Unlike most white Washingtonians,
I would remain involved in local politics in a city that was
two-thirds black. It could be tough - as it was the day Stokeley
Carmichael walked into SNCC headquarters and said that we whites
were no longer welcomed in the civil rights movement. Black power
had raised its fist.
My solution was to think of myself
as a minority, such as a Jew in New York or a Pole in Chicago.
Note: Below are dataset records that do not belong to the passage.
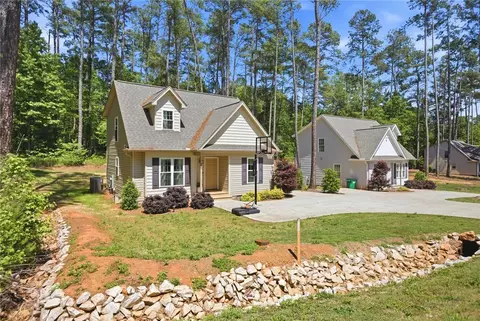 213 217 Singing Pines Rd, Seneca, SC 29678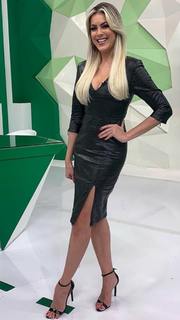Renata Fan feet photo thumbnail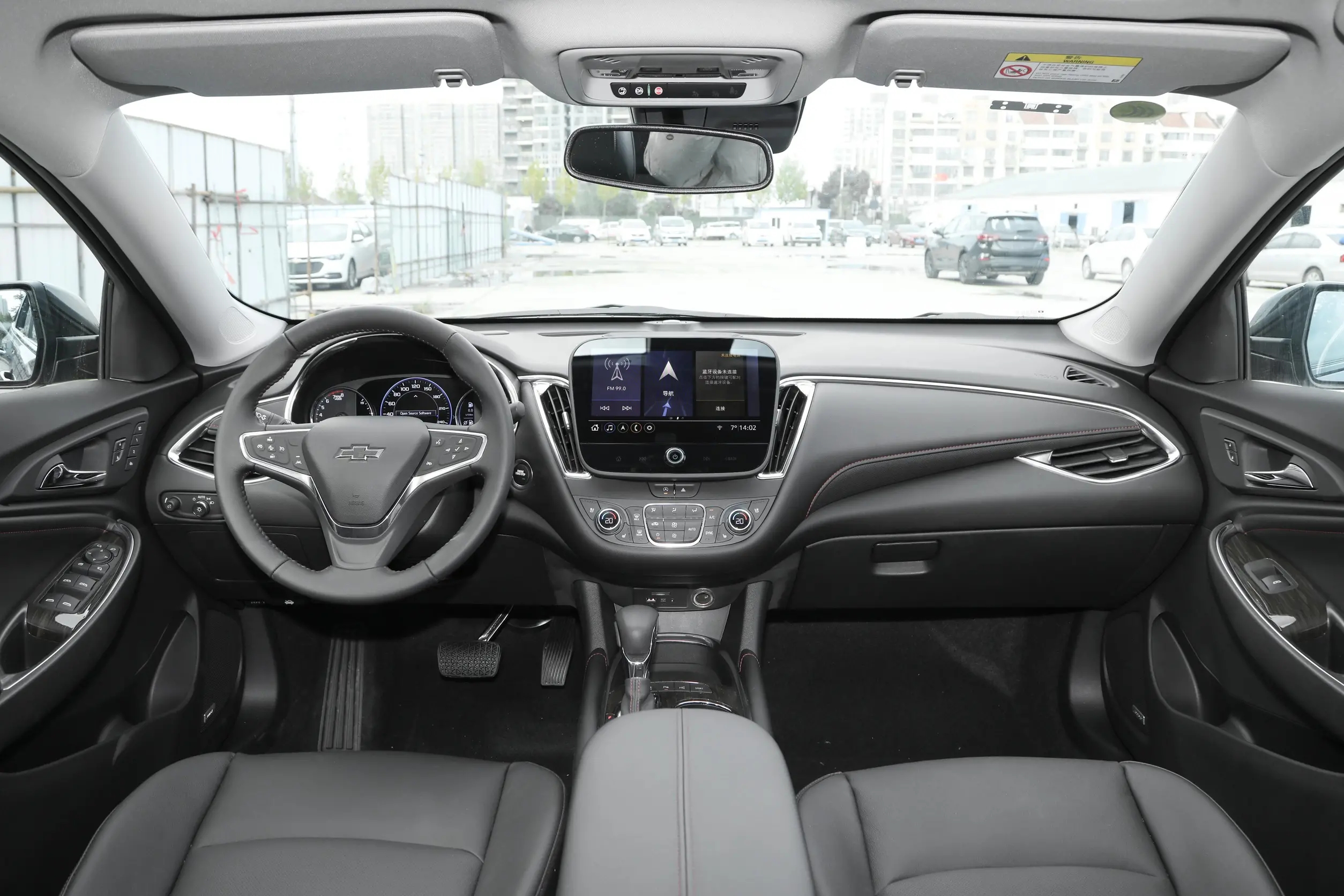 第1台是雪佛兰的迈锐宝xl.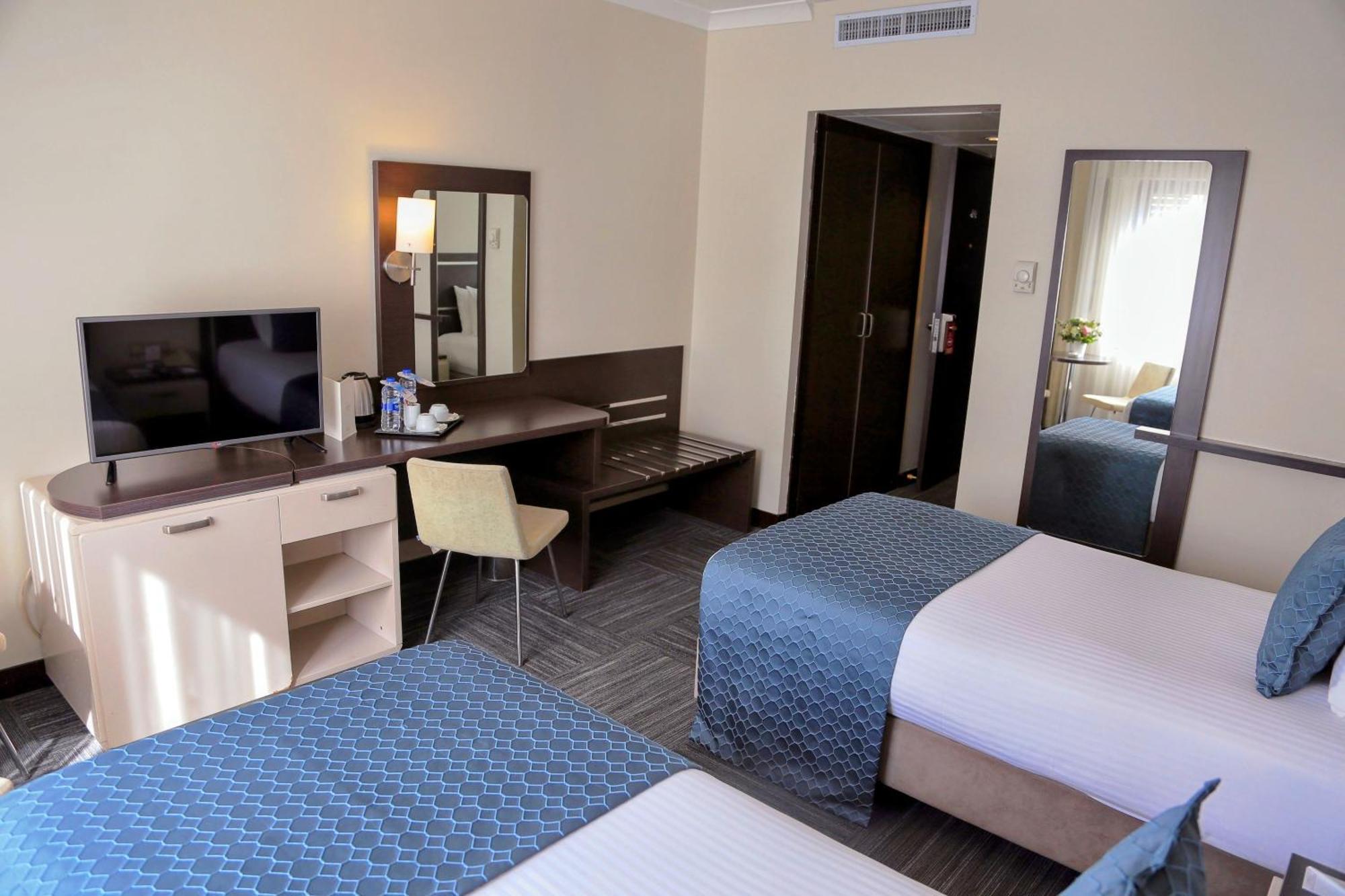 Kaya Prestige Oteli Izmir Exteriör bild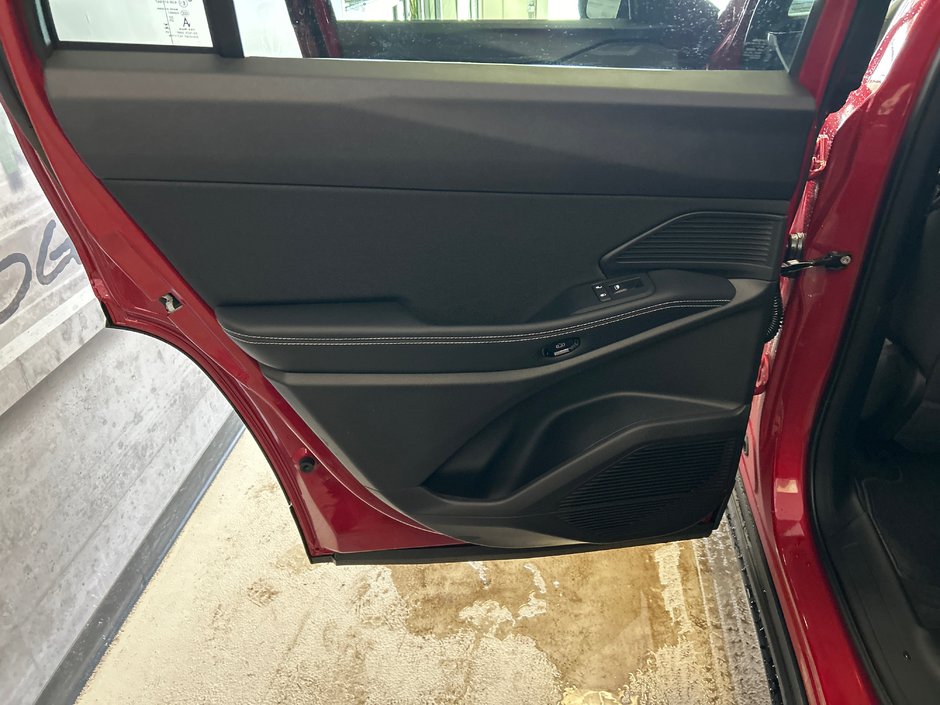 Jeep Cherokee LAREDO 2026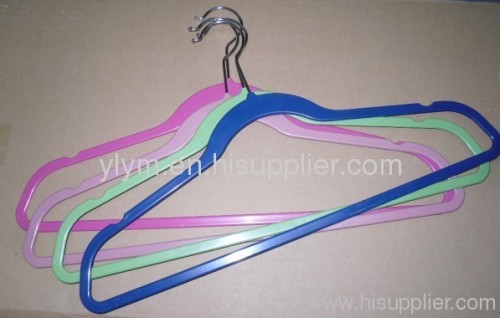 PLASTIC HANGER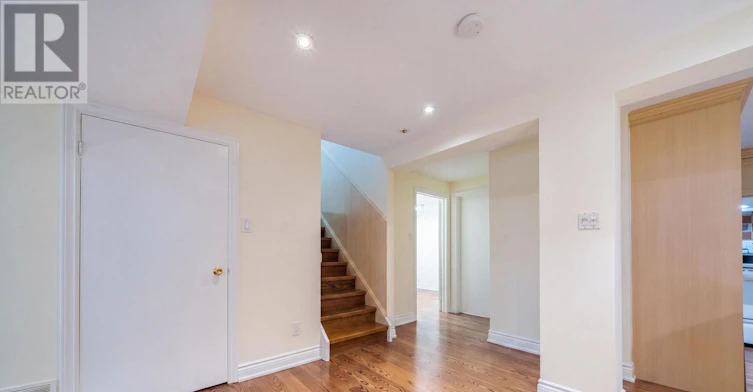 BSMT-32 Alanadale Avenue, Markham, ON, L3P 1S3 - 5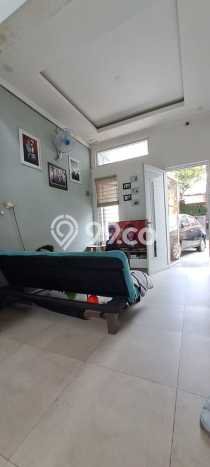 Rumah Minimalis 2 KT di Galaxy Bekasi Semi Furnished Rumah Minimalis 2 KT di Galaxy Bekasi Semi Furnished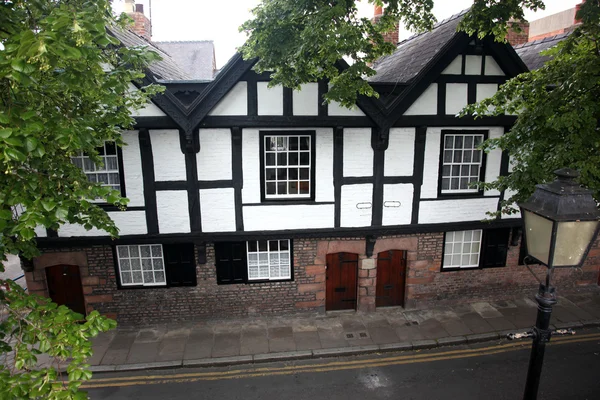 Fasade huis van tudorstijl in chester, Verenigd Koninkrijk — Stockfoto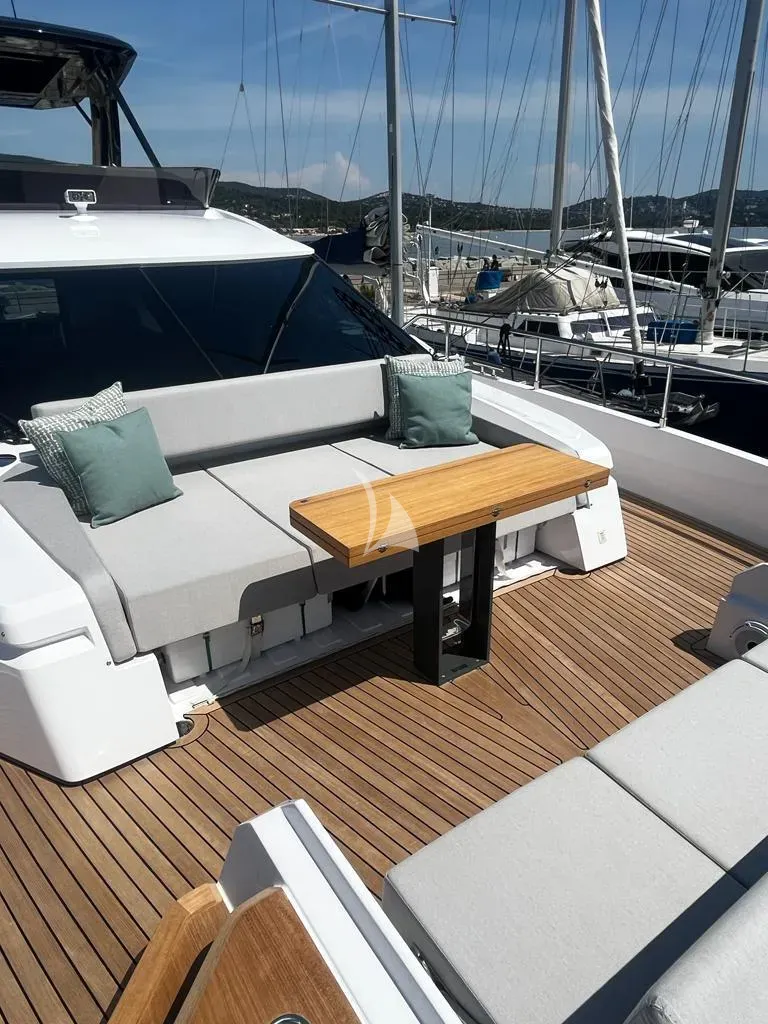 Luxury Crewed Motor Yacht BREEZE photo 5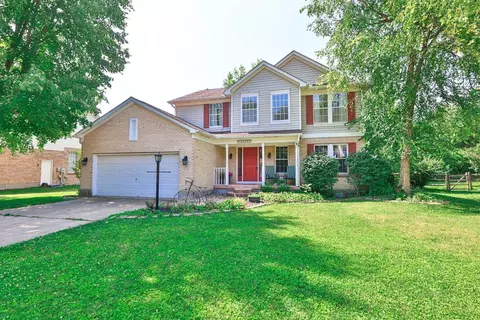 3253 Woodlake Ct, Loveland, OH 45140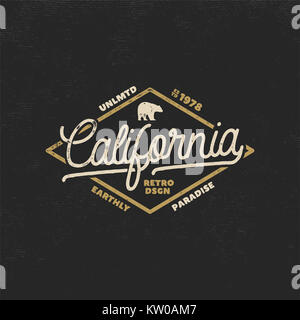 La Californie d'été l'étiquette avec l'ours et typographie éléments. Retro style surf pour t-shirts, tasses, emblèmes, conception de vêtements, de vêtements et d'autres de l'identité. Le point isolé sur fond sombre Banque D'Images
I also drew from two wells - that of anthropology and that of
my Quaker education, the former to help me understand what was
happening, the latter to encourage continued witness of my own
values regardless of what was happening.
And so I relaxed and plunged ahead
anyway. In fact, just a few years later I was helping to start
a biracial third party that actually held an office or two for
a quarter of century. One of the reasons I suspect the DC Statehood
Party worked was because its leaders were such strong individuals
that cultural issues always came second.
I continued to fall into an odd
series of biracial activities, including five years as the token
white on a TV and then a radio show, otherwise comprised of black
journalists. On our last show a caller phoned and said of my
colleagues and myself, "I've finally got this show figured
out. Adrienne and Sam are married and Jerry is Adrienne's father
and you all need family counseling." I liked that because
I shared the view of intercultural relations of my friend Chuck
Stone - former top aide of Adam Clayton Powell Jr.: he said treat
everyone like they were a member of your family. It doesn't mean
false sensitivity or false harmony, but it does mean a sense
of reciprocal liberty, underlying solidarity, and a willingness
to share the window seat.
I sometimes think of good politics
as the art of turning selfishness into virtue and I think good
multicultural relations often work the same way - which is why
ethnic restaurants are so popular. It's a good deal for everyone.
Just like living in DC's ethnic minority has been a good deal
for me. Here are some reasons why:
· Black Washingtonians understood
loss, pain, suffering and disappointment. They helped me become
better at handling these things.
· Teachers, artists, writers and poets are highly respected
in the black community. As a writer, I liked that.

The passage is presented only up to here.